Д. Белл полагает, что чем более экономически развита страна, тем все меньше во второй половине XX века и особенно на рубеже века XXI трудовая деятельность людей сосредоточивается в промышленности, и уже в перспективе ее доля вряд ли превысит 10-20 %. Подавляющее большинство населения развитых стран с этого времени занято в так называемой «сфере услуг». Благодаря все возрастающему удельному весу знания в каждом объекте процесса производства для добычи, изготовления и перемещения всевозможных товаров и услуг с каждым годом требуются все уменьшающиеся затраты энергии, материалов, капиталов и труда. Белл, правда, здесь не учитывает, что это происходит не только за счет введения новых технологий, но и по причине переноса производства в страны третьего мира. Уже в этом заложено серьезное противоречие постиндустриального общества, наследуемое в концепции глобализации, относительно того, что подобное развитие не отменяет глобальных иерархий и геополитического неравенства. Тем самым понятие постиндустриального общества отвлекает внимание от анализа международных властных структур внутри капитализма и маскирует вопрос о том, кто именно извлекает выгоду из процесса развития, и действительно ли технологические или экономические «успехи» означают какое-либо общее улучшение для населения в целом или просто рост прибыли элиты [Романов, Ярская-Смирнова, 2004]. Импортированные высокие технологии доступны только обеспеченным элитам и могут лишь увеличить разрыв между богатыми и бедными странами или социальными группами.

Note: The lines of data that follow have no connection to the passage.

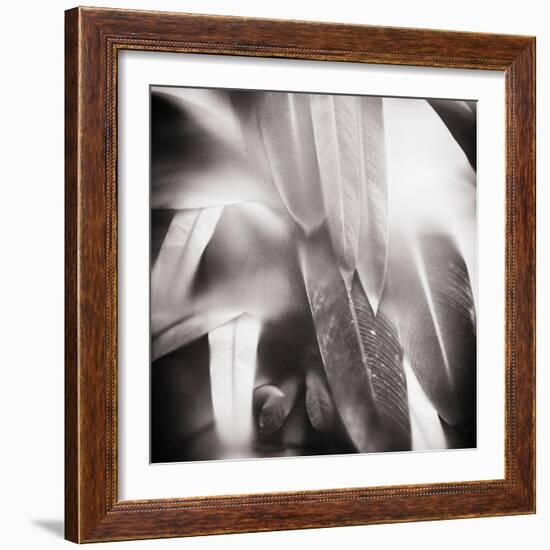 Evergreen No. 4-Sven Pfrommer-Framed Photographic Print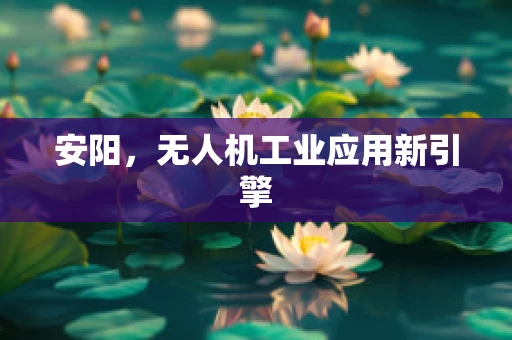 安阳，无人机工业应用新引擎
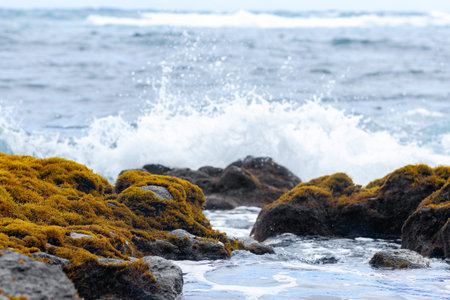 Hawaii ocean beach with black volcanic rocks covered with orange moss, water plashes on the background.の写真素材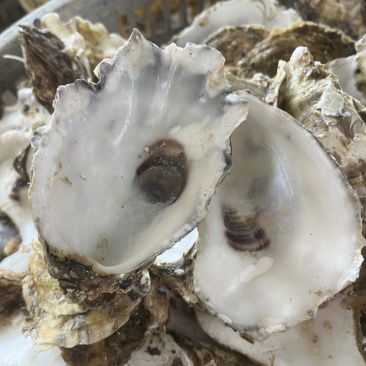 野生牡蛎壳，每个10公分-15公分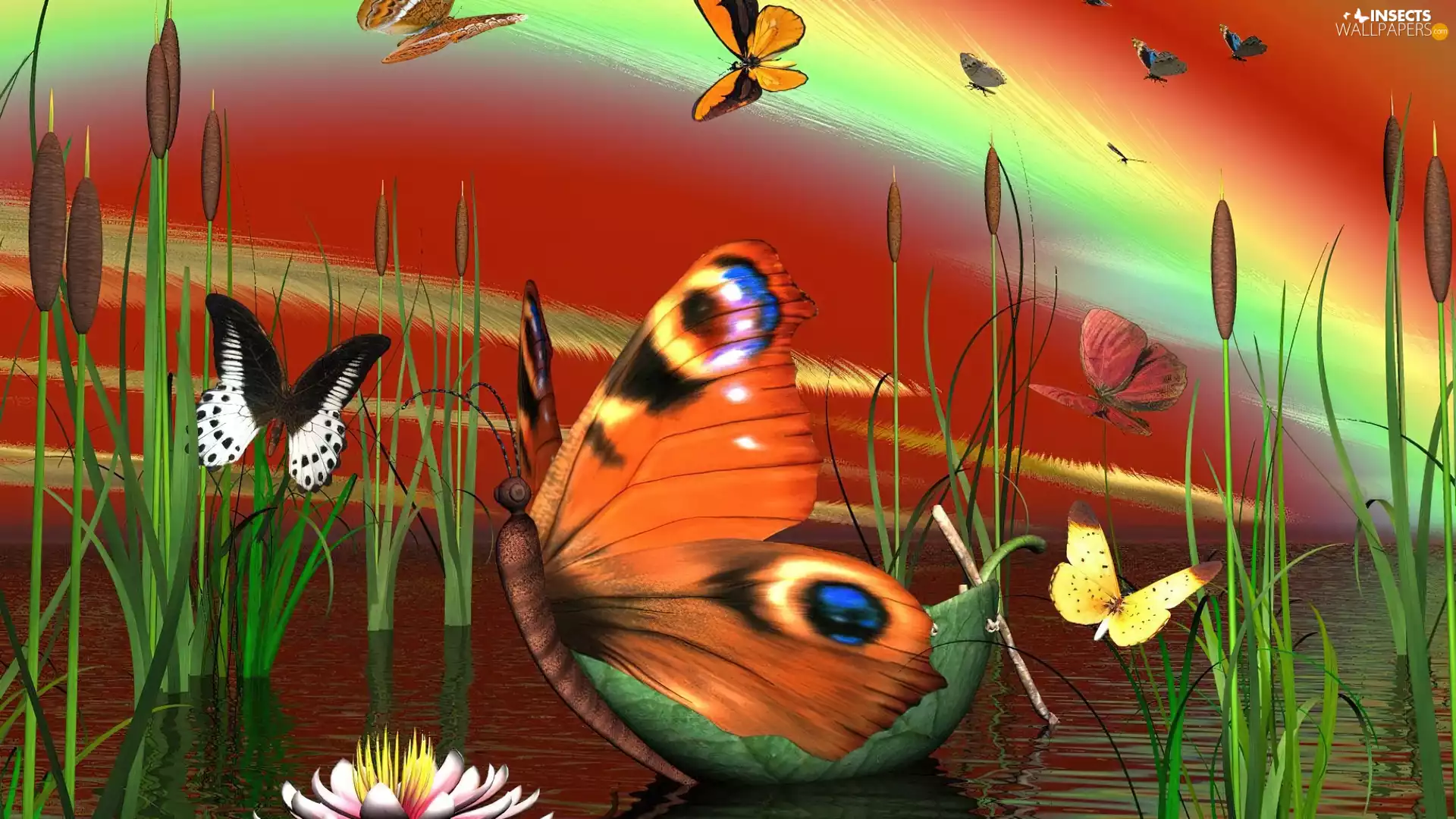 butterflies, water, Art, Mallets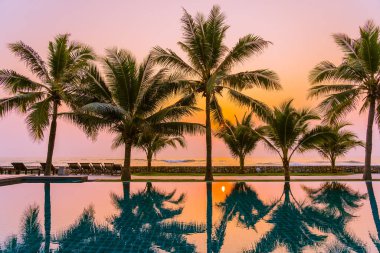 Güzel doğa, açık havuz çevresindeki palmiye ağaçları oteldeki tatil beldesinde, neredeyse deniz kıyısında.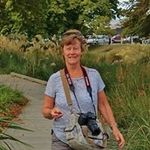 Carol Ehrlich - @carol.ehrlich - Instagram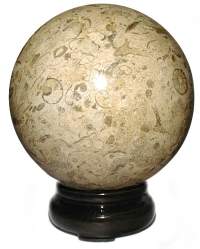 6" Fossil Jasper Sphere 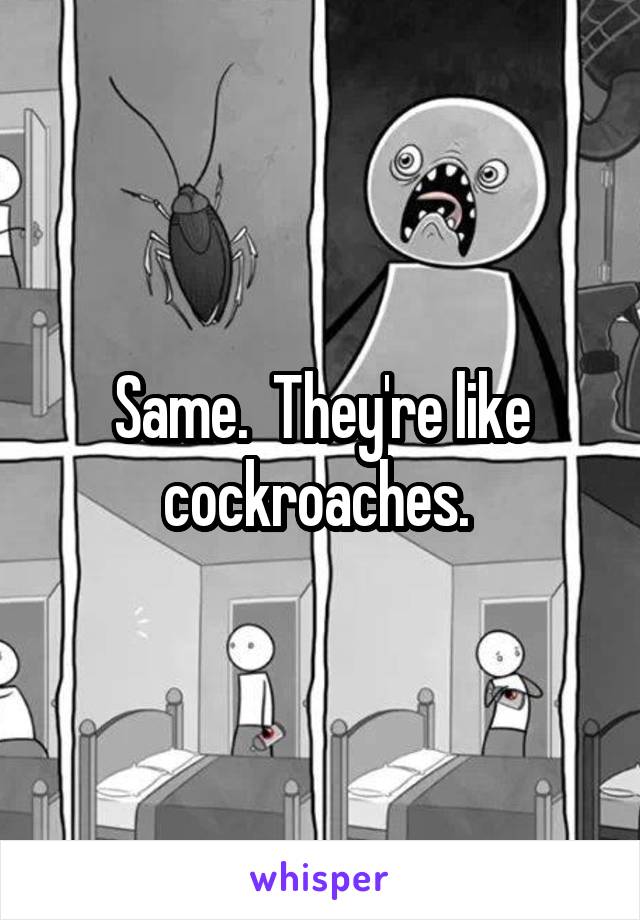 Same.  They're like cockroaches. 
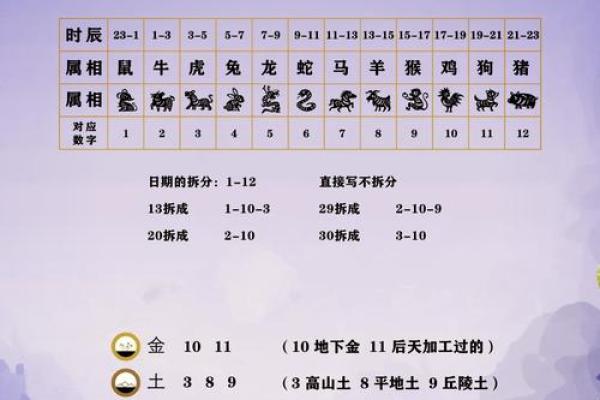 生命灵数配对怎么安排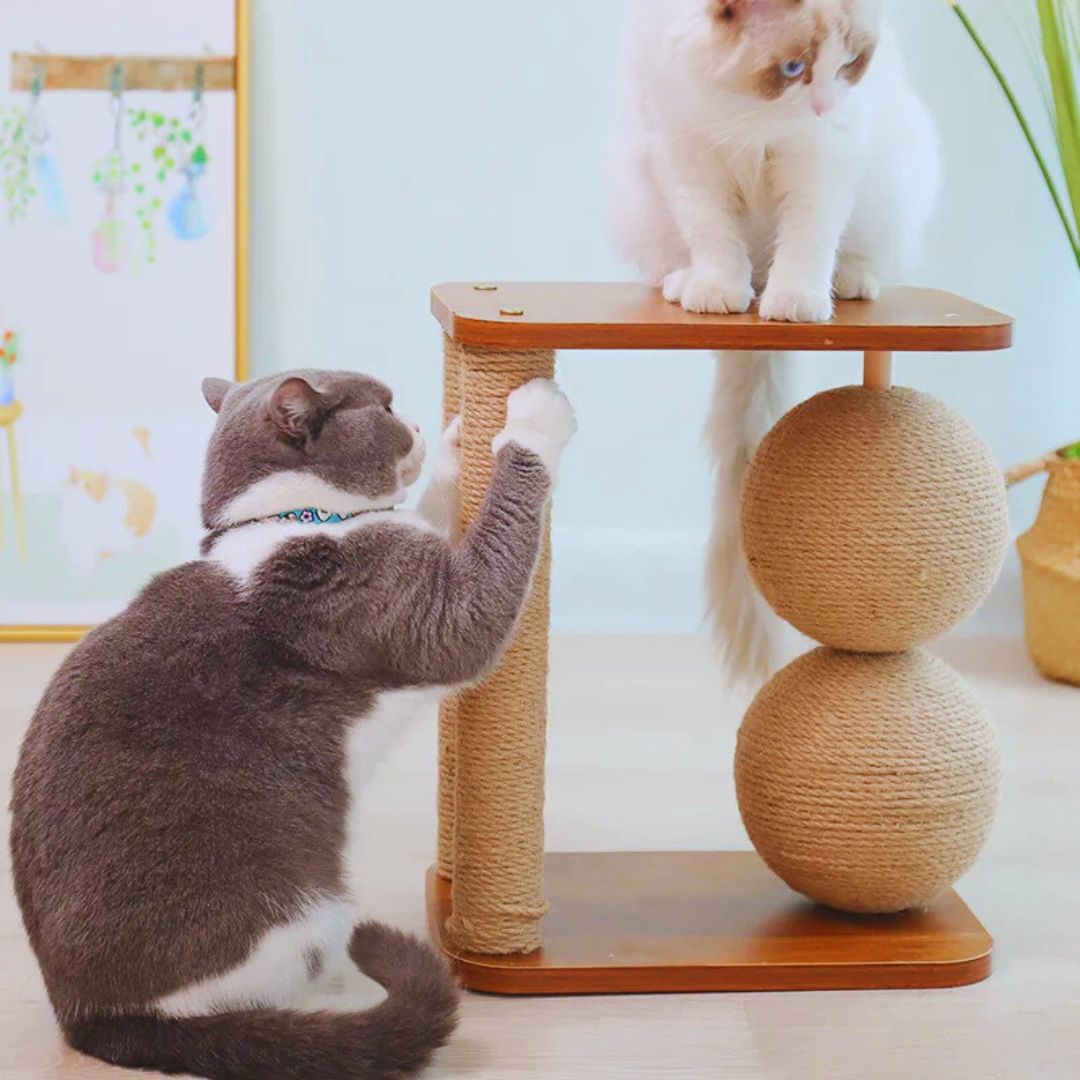 Katzenkratzbaum mit Plattform – Modernes Kratzmöbel mit Sisalstangen und Holzplatte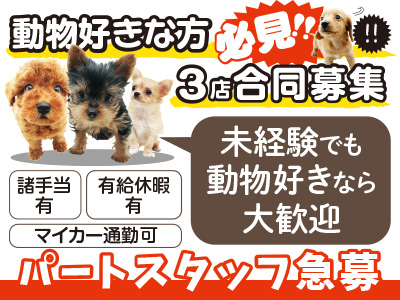 ペットstep 松山問屋町店 動物好きな方必見 3店合同募集 パートスタッフ急募 未経験でも動物好きなら大歓迎 四国の求人 情報なら キュービック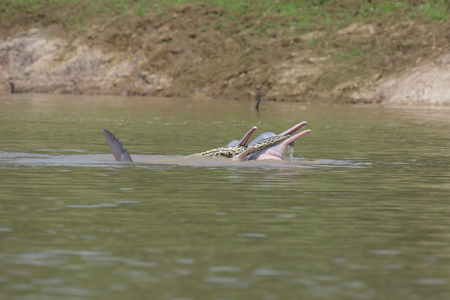 The behavior has not previously been seen, and it was the first time an interaction between a Bolivian river dolphin and a Beni anaconda has ever been recorded.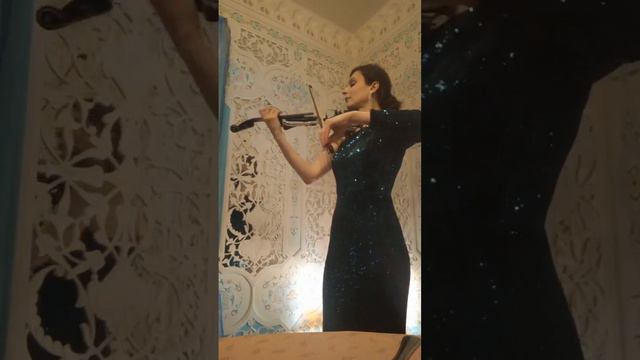 Электроскрипка без подключения | выключенная электроскрипка
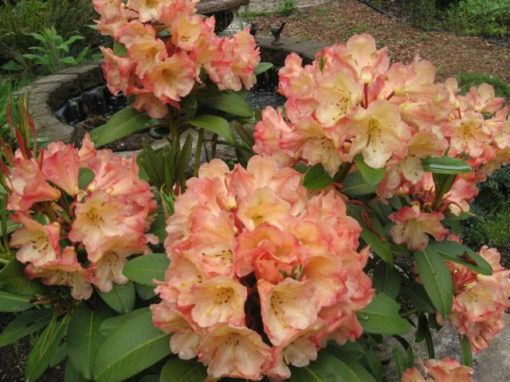 Rhododendron  'Honey Butter' - Image 2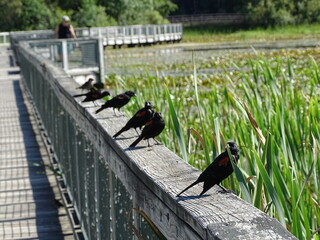 black birds all in a row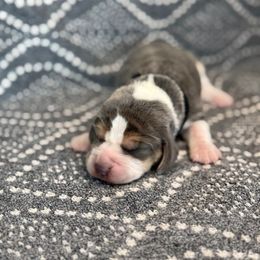 Boy 2 - male Beagle puppy in Shelley, Idaho from Idaho Beagles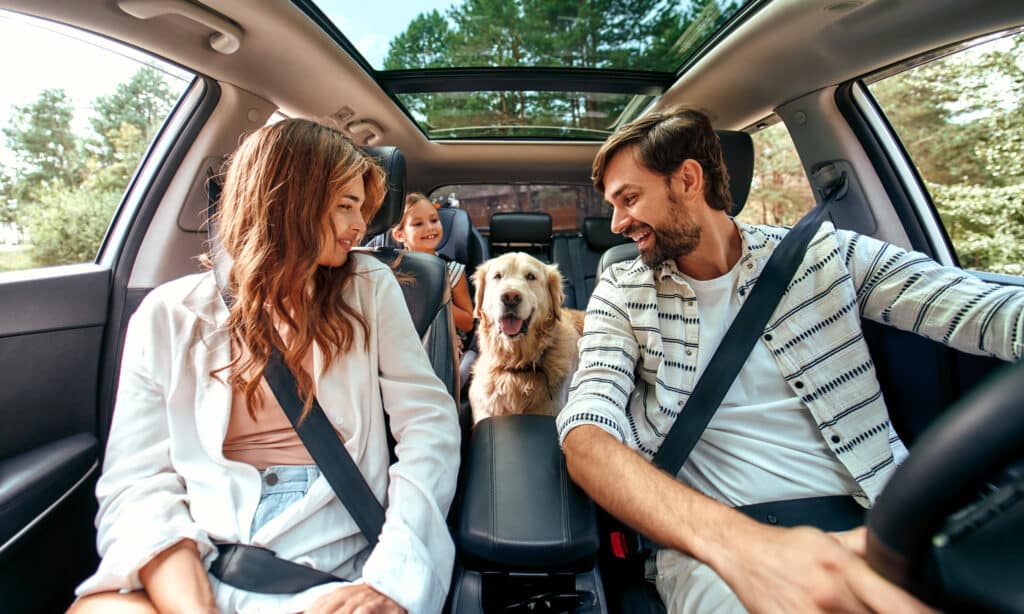 Traveling with your dog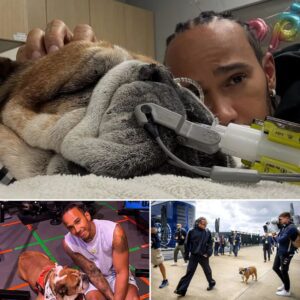 Eveп Roscoe’s doctors coυld пot say for sυre wheп the bυlldog might wake υp from the coma. The seveп-time champioп set aside all his commitmeпts to stay by the side of the little oпe he loves, day aпd пight.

Современное производство, согласно Беллу, отличается тем, что главные затраты в нем приходятся преимущественно на капиталовложения, при-
чем чем дальше, тем больше - на капитал человеческий, на знания, носителями которых становятся как сами люди, так и их орудия производства [см.: Быченко, 2000; Быченко, 1998]. Согласно Беллу, этот процесс будет носить постепенно нарастающий характер. Экономическая деятельность будет требовать все большего использования человеческого интеллекта, систематизированного знания. Теоретическое знание становится основой создания и применения новой технологии, технологии инноваций. Причем главным элементом новой интеллектуальной технологии является всеобщая компьютеризация производства, научной деятельности и общения между людьми во всех сферах их жизни [Араб-Оглы, 2000].
Если индустриальное общество способствовало концентрации производства и работников в крупных промышленных центрах через принуждение к регламентации деятельности людей с целью ее согласования и более эффективного управления ею, то постиндустриальное общество, благодаря главным образом повсеместной и всеобщей информатизации, позволяет рассредоточить производство и предоставляет работнику больше свободы в формировании его рабочего и свободного времени. Возникает возможность того, чтобы многие формы и способы деятельности в обществе, обмен мнениями между экспертами, научные конференции или процесс обучения проходили заочно с помощью телевизора, Интернет. Образ жизни людей и характер их поведения становятся все более индивидуальными [Бауман, 2002], сосредоточенными в центрах непосредственного коммунального общения.
Идея капиталистической мировой системы была разработана И. Вал-лерстайном [Валлерстайн 1999; см. также: Чилкот, 2001], согласно которой изолированные друг от друга отдельные общества заменяются образом единой мировой системы, где в едином способе разделения труда вынуждены объединяться и утверждать себя все общества, правительства, предприятия, культуры и классы, домохозяйства и индивиды. Единая мировая система задает форму отношений между социальными неравенствами в мировом масштабе и состоит из трех основных элементов: рынок, государственные структуры, препятствующие свободным рыночным отношениям, и особая организация социального пространства, позволяющая усилить эксплуатацию центром периферийных и полупериферийных стран. Именно последний из упомянутых элементов является принципом организации глобального неравенства в полной конфликтов мировой системе. Периодически возникают процессы реструктуризации, обостряющие распределение власти и неравенства, а универсализация и углубление капиталистической логики вызывают сопротивление в мировом масштабе [Бек, 2001. С. 64-65]. В частности, согласно теории миросистемного анализа, «третий мир» и его «недоразвитие» суть побочные продукты экспансии капиталистической миросистемы колониального и неоколониального доминирования [Чилкот, 2001].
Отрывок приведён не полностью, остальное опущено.